__EXERCISE__: Please write out, exactly as given, the line that contains "Read Online The" and all lines that follow it through the end of the listing, and nothing else.

__AVAILABLE DATA__:
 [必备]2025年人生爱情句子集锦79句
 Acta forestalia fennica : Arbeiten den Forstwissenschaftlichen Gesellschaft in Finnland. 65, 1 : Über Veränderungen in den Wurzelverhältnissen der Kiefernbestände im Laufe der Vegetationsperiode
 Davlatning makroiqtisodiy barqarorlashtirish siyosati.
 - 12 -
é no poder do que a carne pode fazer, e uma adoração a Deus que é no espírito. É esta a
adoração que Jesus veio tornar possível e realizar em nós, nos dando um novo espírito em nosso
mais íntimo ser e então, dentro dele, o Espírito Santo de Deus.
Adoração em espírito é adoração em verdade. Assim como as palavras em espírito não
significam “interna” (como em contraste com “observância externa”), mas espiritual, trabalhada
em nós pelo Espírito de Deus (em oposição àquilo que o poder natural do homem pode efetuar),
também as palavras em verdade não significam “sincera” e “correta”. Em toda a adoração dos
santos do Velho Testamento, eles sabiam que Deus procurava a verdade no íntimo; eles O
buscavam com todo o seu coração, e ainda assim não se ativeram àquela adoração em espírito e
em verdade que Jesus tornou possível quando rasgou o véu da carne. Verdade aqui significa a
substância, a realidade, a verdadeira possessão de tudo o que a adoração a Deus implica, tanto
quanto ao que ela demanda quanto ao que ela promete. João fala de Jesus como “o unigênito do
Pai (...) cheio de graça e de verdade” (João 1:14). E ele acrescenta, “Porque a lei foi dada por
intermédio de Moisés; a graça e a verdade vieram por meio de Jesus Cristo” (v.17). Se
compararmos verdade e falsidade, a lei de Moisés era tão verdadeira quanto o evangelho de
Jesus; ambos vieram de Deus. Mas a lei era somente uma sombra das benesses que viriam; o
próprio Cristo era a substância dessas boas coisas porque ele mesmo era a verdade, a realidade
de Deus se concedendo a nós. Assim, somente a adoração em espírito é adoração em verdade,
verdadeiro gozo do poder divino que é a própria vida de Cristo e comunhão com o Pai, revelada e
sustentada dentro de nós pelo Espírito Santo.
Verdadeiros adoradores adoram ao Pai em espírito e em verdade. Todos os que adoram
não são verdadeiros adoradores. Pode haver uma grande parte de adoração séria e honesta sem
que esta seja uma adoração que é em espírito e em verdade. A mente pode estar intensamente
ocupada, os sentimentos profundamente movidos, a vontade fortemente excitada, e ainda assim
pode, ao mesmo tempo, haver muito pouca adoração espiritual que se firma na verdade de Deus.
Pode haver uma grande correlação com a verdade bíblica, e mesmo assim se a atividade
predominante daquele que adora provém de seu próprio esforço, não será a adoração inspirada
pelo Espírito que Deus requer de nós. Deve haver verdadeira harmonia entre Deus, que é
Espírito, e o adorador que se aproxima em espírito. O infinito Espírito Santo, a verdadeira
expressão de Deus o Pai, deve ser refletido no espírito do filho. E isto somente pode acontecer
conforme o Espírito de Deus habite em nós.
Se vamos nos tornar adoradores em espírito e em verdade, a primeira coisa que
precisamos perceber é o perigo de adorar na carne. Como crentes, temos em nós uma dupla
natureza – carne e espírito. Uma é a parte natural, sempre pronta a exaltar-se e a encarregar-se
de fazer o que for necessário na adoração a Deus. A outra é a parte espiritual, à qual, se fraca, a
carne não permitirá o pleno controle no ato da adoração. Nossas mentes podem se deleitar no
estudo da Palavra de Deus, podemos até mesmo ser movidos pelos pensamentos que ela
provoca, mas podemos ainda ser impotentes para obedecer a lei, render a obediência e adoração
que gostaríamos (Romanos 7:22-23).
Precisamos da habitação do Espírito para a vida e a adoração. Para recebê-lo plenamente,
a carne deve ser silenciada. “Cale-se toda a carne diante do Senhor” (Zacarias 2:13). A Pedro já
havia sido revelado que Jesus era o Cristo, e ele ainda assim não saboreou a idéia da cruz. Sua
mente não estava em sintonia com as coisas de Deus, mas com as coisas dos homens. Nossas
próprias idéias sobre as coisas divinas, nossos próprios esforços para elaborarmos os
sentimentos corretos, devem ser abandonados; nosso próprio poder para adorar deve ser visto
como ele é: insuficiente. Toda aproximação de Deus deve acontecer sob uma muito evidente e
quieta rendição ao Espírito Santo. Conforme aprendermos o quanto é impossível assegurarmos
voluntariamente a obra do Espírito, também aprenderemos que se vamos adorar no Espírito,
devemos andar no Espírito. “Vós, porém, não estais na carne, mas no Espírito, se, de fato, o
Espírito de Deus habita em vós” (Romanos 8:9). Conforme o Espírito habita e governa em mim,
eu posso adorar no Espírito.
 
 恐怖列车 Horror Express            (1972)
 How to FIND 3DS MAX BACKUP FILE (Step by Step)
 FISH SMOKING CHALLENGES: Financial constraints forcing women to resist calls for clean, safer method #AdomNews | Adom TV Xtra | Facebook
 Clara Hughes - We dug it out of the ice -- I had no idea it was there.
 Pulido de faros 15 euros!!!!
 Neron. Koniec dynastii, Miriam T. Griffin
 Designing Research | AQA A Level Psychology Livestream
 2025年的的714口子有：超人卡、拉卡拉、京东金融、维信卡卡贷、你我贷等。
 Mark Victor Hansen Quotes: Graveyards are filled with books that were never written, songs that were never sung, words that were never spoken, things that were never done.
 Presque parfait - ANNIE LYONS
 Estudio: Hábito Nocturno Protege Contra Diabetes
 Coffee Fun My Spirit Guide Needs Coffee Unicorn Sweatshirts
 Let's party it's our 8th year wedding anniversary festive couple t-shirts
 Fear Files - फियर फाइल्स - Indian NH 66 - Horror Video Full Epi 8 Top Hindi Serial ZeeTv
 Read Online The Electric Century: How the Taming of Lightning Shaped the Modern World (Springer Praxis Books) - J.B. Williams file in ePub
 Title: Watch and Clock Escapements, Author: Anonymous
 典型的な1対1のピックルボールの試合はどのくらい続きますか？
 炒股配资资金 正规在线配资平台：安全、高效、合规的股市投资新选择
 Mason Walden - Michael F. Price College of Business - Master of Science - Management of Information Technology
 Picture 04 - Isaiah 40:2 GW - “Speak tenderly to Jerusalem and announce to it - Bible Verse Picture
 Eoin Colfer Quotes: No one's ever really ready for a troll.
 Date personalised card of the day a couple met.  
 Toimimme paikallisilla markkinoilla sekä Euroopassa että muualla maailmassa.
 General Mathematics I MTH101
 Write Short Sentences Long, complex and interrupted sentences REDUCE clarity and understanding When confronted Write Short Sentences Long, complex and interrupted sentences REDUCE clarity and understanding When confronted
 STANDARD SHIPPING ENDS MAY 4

__SOLUTION__:
 Read Online The Electric Century: How the Taming of Lightning Shaped the Modern World (Springer Praxis Books) - J.B. Williams file in ePub
 Title: Watch and Clock Escapements, Author: Anonymous
 典型的な1対1のピックルボールの試合はどのくらい続きますか？
 炒股配资资金 正规在线配资平台：安全、高效、合规的股市投资新选择
 Mason Walden - Michael F. Price College of Business - Master of Science - Management of Information Technology
 Picture 04 - Isaiah 40:2 GW - “Speak tenderly to Jerusalem and announce to it - Bible Verse Picture
 Eoin Colfer Quotes: No one's ever really ready for a troll.
 Date personalised card of the day a couple met.  
 Toimimme paikallisilla markkinoilla sekä Euroopassa että muualla maailmassa.
 General Mathematics I MTH101
 Write Short Sentences Long, complex and interrupted sentences REDUCE clarity and understanding When confronted Write Short Sentences Long, complex and interrupted sentences REDUCE clarity and understanding When confronted
 STANDARD SHIPPING ENDS MAY 4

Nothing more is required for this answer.